WORK ITEM: In the records below, some lines contain "Bottles"; state the number of such lines and nothing else.

EXCERPTED DATA:
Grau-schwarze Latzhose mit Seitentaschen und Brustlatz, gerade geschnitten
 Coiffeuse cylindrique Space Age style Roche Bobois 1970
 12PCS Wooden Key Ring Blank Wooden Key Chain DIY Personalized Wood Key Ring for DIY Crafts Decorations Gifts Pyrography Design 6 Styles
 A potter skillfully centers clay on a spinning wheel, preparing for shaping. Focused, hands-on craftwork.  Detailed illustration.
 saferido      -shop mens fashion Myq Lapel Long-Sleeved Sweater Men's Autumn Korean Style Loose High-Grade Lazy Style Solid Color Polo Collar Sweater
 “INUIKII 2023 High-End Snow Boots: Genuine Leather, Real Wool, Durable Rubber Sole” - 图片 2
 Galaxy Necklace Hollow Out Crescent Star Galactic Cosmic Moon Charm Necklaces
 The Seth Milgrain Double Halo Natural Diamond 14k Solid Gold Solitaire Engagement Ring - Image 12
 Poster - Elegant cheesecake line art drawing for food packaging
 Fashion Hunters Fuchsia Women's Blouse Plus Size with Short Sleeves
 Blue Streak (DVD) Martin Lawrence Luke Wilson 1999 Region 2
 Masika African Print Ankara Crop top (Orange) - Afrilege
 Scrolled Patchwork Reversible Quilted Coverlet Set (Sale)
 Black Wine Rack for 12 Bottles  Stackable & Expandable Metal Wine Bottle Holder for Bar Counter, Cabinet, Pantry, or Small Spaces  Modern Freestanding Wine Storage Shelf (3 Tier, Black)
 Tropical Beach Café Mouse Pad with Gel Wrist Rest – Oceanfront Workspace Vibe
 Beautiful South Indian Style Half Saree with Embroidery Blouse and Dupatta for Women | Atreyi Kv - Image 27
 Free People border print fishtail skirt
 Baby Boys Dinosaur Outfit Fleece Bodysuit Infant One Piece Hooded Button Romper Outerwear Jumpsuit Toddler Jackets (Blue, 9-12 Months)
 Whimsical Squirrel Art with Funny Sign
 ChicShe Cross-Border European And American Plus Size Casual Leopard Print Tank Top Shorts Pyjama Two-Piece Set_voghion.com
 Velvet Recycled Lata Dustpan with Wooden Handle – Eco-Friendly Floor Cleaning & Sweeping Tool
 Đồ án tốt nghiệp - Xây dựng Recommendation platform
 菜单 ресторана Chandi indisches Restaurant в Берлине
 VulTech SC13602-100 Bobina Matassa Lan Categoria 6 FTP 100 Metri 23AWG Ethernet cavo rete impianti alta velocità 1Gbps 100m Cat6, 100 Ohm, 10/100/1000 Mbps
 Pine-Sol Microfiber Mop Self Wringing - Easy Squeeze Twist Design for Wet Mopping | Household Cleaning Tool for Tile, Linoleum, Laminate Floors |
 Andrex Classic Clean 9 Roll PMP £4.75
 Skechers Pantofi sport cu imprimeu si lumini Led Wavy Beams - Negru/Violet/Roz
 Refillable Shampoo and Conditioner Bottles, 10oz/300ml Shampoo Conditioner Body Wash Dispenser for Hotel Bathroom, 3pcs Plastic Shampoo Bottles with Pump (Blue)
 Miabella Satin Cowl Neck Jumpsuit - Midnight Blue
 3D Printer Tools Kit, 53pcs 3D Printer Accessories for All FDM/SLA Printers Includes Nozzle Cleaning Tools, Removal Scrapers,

RESULT FOR THIS TASK: 2